## Materials provided:
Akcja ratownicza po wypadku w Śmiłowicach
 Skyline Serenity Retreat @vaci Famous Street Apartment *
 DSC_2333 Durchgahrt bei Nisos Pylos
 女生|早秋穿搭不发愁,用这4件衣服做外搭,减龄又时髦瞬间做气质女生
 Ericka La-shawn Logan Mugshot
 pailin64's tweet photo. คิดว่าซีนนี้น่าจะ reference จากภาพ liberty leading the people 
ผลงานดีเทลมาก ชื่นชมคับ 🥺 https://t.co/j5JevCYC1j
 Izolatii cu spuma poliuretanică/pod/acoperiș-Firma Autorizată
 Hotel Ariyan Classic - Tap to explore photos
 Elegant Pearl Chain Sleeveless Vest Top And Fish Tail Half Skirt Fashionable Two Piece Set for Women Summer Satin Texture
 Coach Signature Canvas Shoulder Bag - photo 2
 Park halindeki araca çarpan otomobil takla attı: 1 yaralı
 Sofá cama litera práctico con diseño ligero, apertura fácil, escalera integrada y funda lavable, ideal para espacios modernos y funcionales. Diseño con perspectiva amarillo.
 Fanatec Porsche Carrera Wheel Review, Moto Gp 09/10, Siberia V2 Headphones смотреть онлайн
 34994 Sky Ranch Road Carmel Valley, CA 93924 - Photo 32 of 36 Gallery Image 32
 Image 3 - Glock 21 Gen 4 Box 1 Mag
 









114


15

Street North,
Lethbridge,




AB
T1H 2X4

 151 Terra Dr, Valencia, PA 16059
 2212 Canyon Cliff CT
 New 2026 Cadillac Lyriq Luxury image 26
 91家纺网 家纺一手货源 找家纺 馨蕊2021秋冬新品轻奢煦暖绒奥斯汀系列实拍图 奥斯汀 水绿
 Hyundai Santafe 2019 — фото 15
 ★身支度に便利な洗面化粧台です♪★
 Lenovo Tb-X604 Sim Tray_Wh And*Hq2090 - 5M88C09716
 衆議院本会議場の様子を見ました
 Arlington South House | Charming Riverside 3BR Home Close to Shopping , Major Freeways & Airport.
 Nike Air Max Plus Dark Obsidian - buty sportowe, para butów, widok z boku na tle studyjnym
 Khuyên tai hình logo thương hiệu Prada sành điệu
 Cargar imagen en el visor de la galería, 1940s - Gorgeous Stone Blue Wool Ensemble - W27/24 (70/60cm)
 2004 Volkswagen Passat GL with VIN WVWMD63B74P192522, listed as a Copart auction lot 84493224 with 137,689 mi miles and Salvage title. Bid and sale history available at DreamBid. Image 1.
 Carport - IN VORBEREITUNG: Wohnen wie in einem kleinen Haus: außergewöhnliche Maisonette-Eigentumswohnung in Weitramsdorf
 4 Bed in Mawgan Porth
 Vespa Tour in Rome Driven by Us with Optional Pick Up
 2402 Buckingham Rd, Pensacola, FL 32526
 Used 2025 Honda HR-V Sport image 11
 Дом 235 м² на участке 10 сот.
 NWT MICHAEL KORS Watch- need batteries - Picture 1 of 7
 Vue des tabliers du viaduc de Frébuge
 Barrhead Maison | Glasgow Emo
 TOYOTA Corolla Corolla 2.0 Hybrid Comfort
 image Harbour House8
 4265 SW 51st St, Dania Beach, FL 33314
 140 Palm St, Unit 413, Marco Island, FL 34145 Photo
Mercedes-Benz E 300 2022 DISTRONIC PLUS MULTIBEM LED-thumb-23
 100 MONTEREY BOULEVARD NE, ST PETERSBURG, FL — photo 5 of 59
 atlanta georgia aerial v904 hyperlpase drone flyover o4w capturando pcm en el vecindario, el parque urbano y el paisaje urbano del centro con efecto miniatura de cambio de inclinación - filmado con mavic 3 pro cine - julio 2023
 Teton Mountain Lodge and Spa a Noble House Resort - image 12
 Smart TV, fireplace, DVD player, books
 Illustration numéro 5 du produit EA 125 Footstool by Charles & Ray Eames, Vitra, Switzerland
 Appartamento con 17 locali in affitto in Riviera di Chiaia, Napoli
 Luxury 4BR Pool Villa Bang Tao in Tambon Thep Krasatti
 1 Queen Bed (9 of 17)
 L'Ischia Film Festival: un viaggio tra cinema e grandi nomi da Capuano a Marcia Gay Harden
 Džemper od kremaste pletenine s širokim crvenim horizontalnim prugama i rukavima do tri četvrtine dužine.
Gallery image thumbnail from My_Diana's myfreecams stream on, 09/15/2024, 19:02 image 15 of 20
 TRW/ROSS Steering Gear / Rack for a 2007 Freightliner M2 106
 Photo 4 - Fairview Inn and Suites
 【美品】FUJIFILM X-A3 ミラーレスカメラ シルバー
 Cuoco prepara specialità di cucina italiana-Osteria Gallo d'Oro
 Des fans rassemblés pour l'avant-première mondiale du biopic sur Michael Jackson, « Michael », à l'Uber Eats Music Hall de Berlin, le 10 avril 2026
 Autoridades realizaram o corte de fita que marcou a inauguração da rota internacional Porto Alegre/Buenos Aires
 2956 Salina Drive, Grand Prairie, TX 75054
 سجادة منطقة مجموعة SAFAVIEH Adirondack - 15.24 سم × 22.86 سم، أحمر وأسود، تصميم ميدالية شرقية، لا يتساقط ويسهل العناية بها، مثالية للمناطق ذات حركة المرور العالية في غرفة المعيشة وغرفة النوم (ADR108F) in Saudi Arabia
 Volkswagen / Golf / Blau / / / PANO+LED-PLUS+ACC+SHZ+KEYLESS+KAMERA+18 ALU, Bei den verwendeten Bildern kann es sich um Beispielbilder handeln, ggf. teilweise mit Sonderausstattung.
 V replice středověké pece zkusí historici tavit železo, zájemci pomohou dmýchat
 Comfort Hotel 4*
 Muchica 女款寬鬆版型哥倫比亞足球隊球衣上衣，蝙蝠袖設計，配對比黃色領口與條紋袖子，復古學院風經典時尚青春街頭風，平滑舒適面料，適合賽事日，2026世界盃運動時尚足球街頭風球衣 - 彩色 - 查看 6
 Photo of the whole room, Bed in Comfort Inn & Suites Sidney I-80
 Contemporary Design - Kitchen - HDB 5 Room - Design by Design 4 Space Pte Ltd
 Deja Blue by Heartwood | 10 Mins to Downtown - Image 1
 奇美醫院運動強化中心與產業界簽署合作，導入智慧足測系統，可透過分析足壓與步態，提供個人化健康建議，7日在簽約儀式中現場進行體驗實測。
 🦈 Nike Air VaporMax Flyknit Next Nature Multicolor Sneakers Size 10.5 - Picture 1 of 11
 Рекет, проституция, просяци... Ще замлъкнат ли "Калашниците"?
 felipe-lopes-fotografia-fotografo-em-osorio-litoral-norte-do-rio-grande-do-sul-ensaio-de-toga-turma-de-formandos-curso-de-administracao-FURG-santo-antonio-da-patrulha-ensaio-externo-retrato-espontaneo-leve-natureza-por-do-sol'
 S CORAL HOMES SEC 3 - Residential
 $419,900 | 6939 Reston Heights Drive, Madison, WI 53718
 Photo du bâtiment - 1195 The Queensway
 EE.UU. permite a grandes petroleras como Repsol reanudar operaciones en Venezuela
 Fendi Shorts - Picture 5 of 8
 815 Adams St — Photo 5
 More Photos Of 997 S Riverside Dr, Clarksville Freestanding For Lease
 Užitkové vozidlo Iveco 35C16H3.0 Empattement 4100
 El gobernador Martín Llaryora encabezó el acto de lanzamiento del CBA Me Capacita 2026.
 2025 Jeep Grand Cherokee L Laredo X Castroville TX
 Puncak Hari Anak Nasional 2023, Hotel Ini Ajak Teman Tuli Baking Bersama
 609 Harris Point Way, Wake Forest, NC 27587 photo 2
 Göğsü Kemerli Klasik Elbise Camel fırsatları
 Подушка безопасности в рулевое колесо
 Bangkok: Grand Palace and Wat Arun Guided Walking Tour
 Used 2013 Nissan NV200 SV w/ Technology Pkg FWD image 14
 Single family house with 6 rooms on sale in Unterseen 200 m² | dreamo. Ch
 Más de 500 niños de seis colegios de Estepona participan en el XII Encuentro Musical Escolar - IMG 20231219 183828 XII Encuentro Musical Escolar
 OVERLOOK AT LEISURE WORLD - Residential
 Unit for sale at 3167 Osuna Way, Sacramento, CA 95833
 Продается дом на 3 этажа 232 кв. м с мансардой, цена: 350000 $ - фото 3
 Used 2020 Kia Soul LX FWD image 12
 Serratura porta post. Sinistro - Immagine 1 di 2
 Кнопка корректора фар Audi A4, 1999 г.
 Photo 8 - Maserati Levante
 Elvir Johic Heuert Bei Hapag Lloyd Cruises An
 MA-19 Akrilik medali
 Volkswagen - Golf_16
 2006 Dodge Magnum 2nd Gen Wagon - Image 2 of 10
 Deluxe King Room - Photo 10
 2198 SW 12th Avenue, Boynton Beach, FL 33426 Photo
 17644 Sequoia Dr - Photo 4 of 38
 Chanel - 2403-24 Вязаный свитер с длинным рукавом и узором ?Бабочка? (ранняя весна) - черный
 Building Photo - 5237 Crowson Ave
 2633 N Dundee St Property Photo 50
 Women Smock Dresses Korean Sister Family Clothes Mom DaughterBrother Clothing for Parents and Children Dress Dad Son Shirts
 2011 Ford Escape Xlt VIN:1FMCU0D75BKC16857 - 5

## Your task:
Look for the word "Used" throughout the material above and copy every line that has it.

## Task result:
 Used 2025 Honda HR-V Sport image 11
 Used 2013 Nissan NV200 SV w/ Technology Pkg FWD image 14
 Used 2020 Kia Soul LX FWD image 12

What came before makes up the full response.